TASK INSTRUCTIONS:
Set down, word for word, every line of the material below from the one containing "I'm harping on" through the one containing "So we've opened", but none of its pictures.

EXERCISE MATERIAL:
#####
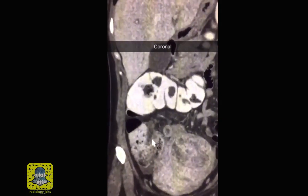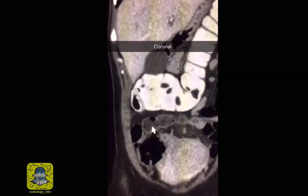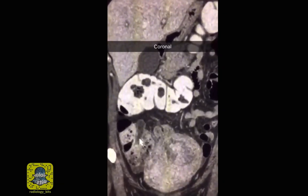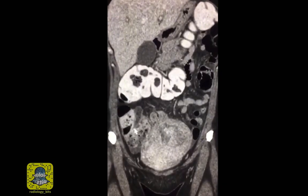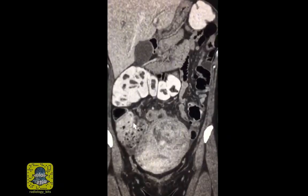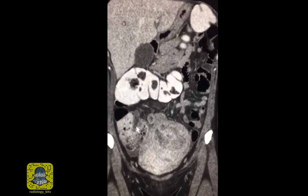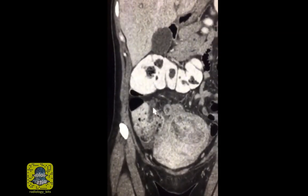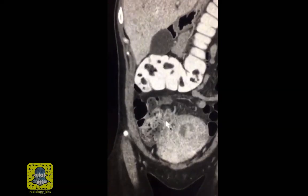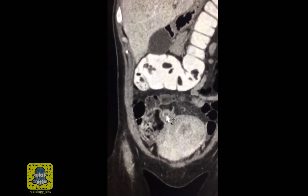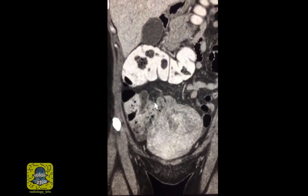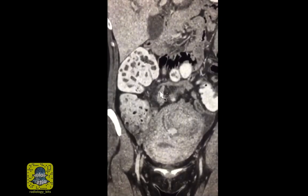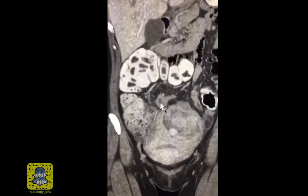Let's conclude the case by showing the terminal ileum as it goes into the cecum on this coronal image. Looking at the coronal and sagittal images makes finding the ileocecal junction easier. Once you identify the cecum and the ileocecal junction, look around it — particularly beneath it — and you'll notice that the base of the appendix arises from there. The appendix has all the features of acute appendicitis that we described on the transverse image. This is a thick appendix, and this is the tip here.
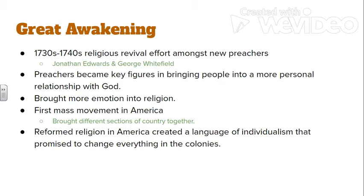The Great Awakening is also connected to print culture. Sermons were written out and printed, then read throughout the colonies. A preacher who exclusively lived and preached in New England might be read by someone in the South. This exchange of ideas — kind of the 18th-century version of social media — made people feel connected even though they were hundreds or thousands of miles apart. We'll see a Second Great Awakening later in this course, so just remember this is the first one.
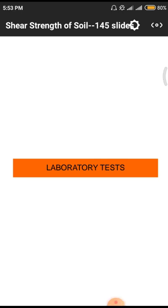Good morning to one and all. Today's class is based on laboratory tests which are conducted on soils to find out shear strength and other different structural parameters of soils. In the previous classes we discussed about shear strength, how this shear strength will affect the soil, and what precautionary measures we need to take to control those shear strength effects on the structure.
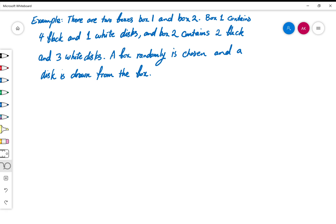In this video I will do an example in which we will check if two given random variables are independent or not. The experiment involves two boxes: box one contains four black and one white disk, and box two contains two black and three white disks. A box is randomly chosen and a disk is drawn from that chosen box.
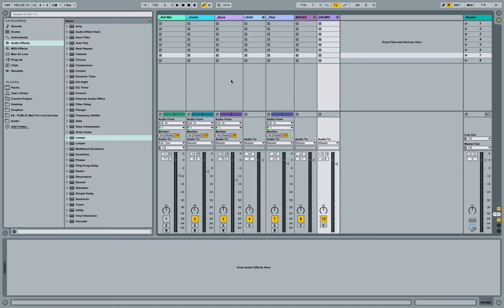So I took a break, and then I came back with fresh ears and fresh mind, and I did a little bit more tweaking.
#####
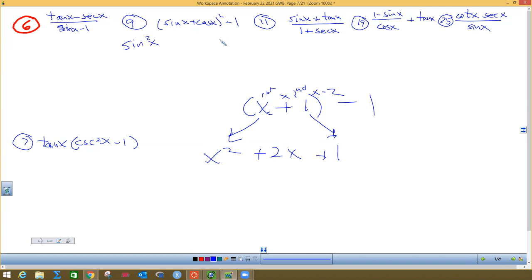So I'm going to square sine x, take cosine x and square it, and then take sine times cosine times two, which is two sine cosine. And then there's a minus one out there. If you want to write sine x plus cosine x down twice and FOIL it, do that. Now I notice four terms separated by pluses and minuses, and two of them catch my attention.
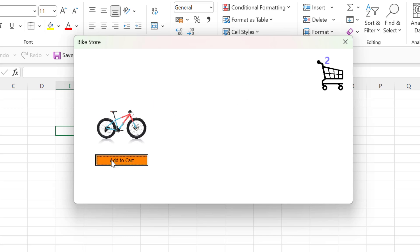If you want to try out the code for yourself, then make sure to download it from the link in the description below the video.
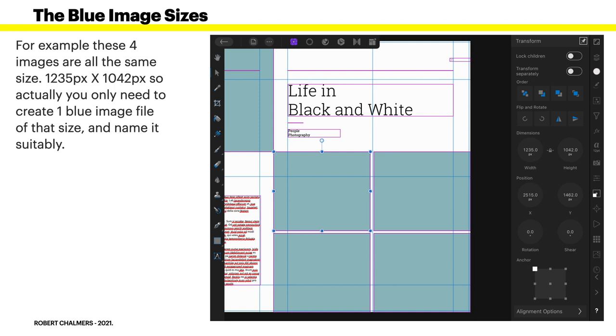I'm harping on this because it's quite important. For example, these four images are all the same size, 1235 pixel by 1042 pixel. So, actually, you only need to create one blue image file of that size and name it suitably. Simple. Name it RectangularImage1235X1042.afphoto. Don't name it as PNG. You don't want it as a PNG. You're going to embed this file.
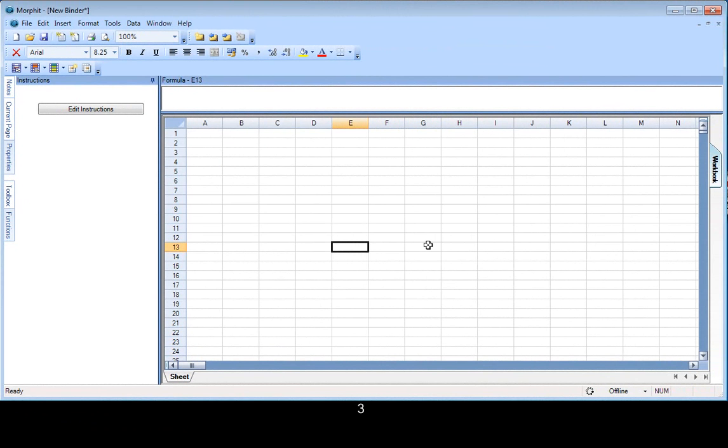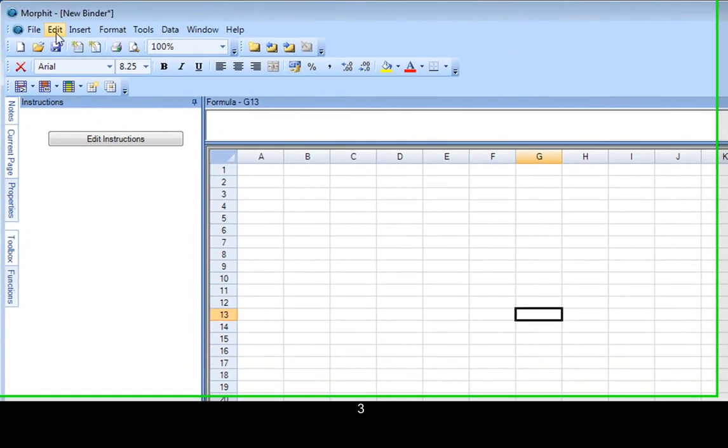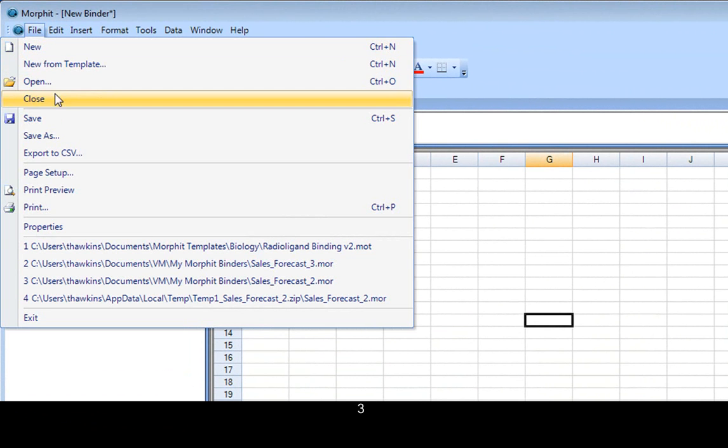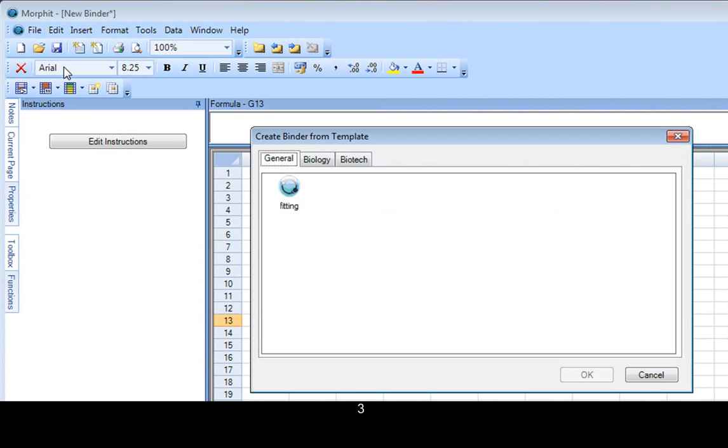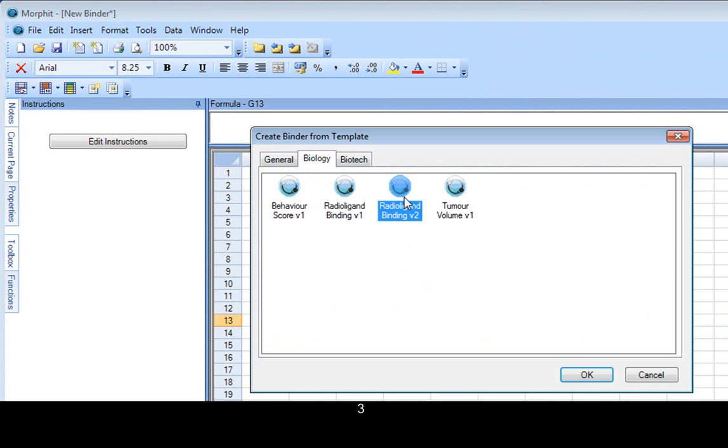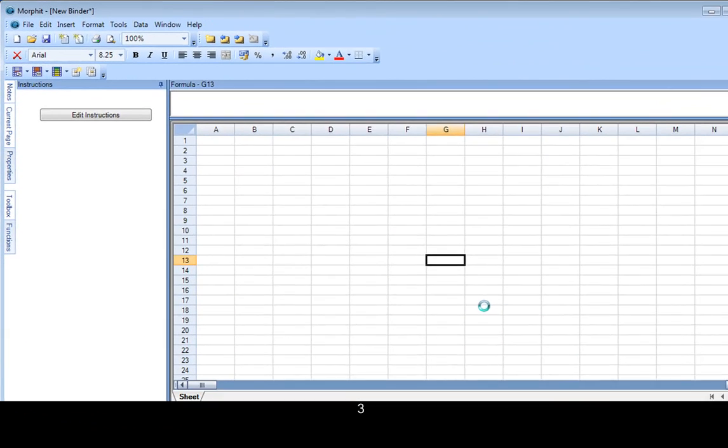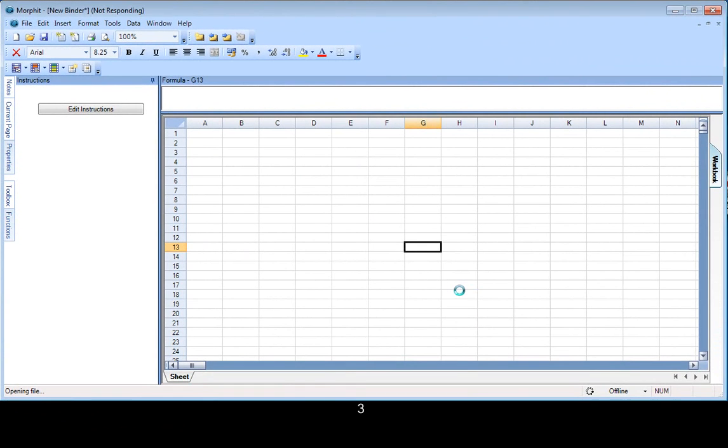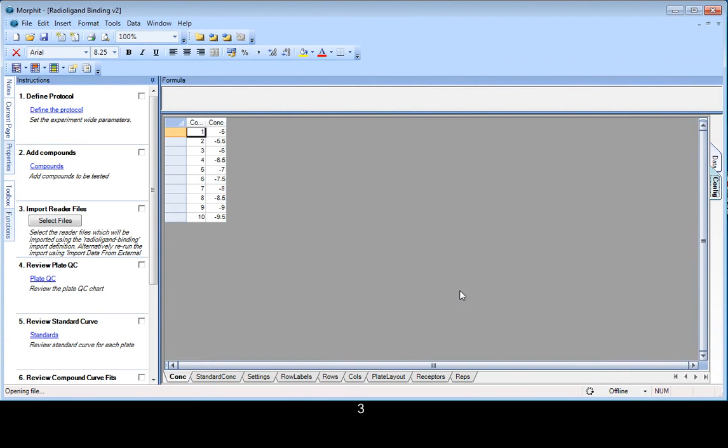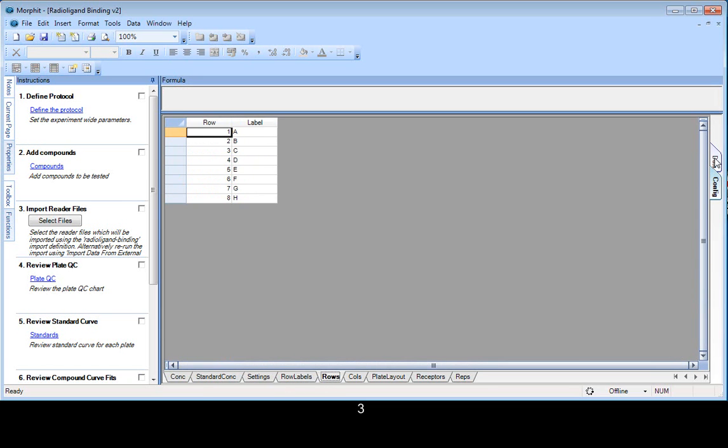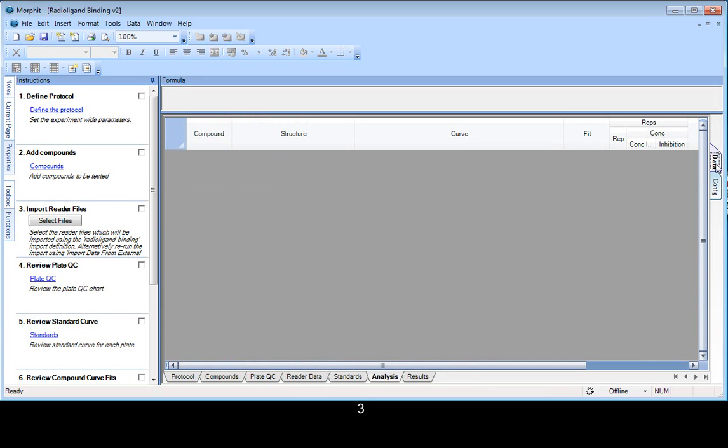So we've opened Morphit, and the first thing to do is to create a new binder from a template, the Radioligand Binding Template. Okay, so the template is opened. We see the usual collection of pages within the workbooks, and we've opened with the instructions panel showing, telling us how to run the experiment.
#####
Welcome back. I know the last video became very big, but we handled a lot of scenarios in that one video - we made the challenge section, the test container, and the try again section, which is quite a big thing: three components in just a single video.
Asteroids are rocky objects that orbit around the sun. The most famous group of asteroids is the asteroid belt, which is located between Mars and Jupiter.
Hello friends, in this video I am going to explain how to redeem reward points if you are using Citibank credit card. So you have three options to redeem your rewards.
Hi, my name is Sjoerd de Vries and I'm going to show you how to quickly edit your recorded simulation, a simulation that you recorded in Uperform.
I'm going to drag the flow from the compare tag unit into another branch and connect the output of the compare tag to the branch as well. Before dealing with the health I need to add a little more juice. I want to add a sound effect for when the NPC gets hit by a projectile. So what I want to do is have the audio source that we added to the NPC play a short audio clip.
#####
EXPECTED OUTPUT:
I'm harping on this because it's quite important. For example, these four images are all the same size, 1235 pixel by 1042 pixel. So, actually, you only need to create one blue image file of that size and name it suitably. Simple. Name it RectangularImage1235X1042.afphoto. Don't name it as PNG. You don't want it as a PNG. You're going to embed this file.
So we've opened Morphit, and the first thing to do is to create a new binder from a template, the Radioligand Binding Template. Okay, so the template is opened. We see the usual collection of pages within the workbooks, and we've opened with the instructions panel showing, telling us how to run the experiment.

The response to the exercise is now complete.